ACTION ITEM:
Write out the lines starting at the one that holds "الضربات على إيران" and ending with the final line of the data, exactly and with no others.
EXERCISE DATA: Begin
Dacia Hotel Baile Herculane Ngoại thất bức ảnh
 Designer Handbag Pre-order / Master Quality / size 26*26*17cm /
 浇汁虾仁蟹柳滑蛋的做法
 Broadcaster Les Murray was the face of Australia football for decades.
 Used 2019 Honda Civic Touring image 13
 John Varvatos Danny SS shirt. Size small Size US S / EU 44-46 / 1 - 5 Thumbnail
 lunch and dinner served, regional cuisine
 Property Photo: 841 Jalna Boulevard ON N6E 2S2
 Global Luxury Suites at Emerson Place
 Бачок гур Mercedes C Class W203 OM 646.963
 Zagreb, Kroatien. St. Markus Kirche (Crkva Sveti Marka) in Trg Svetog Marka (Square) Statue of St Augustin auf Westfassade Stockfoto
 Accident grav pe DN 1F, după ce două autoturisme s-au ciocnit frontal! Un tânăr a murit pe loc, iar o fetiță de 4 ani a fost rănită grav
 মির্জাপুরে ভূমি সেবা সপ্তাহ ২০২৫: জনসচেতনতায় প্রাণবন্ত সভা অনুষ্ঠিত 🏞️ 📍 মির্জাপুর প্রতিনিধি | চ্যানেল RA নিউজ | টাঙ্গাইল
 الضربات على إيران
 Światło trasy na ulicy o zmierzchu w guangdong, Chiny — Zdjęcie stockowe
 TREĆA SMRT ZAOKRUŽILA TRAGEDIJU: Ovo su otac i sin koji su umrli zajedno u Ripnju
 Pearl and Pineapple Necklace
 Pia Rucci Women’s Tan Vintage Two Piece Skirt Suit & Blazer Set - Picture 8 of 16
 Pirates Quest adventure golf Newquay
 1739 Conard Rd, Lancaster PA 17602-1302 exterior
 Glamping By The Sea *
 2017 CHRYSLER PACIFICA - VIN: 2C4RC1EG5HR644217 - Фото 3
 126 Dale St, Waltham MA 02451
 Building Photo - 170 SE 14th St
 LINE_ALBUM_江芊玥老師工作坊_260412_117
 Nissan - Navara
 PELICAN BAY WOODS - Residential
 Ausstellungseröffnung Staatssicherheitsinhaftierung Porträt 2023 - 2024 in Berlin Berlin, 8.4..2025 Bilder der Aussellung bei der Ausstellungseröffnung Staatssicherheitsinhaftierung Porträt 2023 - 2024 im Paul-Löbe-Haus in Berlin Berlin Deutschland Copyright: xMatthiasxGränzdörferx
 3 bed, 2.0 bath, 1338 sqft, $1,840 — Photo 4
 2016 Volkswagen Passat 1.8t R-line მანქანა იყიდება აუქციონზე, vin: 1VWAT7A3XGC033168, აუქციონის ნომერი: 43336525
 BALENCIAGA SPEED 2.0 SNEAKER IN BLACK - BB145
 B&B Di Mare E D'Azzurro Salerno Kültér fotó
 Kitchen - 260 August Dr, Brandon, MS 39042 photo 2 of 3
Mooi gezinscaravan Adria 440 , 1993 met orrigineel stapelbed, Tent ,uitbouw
EXERCISE DATA: End
FINISHED TASK:
 الضربات على إيران
 Światło trasy na ulicy o zmierzchu w guangdong, Chiny — Zdjęcie stockowe
 TREĆA SMRT ZAOKRUŽILA TRAGEDIJU: Ovo su otac i sin koji su umrli zajedno u Ripnju
 Pearl and Pineapple Necklace
 Pia Rucci Women’s Tan Vintage Two Piece Skirt Suit & Blazer Set - Picture 8 of 16
 Pirates Quest adventure golf Newquay
 1739 Conard Rd, Lancaster PA 17602-1302 exterior
 Glamping By The Sea *
 2017 CHRYSLER PACIFICA - VIN: 2C4RC1EG5HR644217 - Фото 3
 126 Dale St, Waltham MA 02451
 Building Photo - 170 SE 14th St
 LINE_ALBUM_江芊玥老師工作坊_260412_117
 Nissan - Navara
 PELICAN BAY WOODS - Residential
 Ausstellungseröffnung Staatssicherheitsinhaftierung Porträt 2023 - 2024 in Berlin Berlin, 8.4..2025 Bilder der Aussellung bei der Ausstellungseröffnung Staatssicherheitsinhaftierung Porträt 2023 - 2024 im Paul-Löbe-Haus in Berlin Berlin Deutschland Copyright: xMatthiasxGränzdörferx
 3 bed, 2.0 bath, 1338 sqft, $1,840 — Photo 4
 2016 Volkswagen Passat 1.8t R-line მანქანა იყიდება აუქციონზე, vin: 1VWAT7A3XGC033168, აუქციონის ნომერი: 43336525
 BALENCIAGA SPEED 2.0 SNEAKER IN BLACK - BB145
 B&B Di Mare E D'Azzurro Salerno Kültér fotó
 Kitchen - 260 August Dr, Brandon, MS 39042 photo 2 of 3
Mooi gezinscaravan Adria 440 , 1993 met orrigineel stapelbed, Tent ,uitbouw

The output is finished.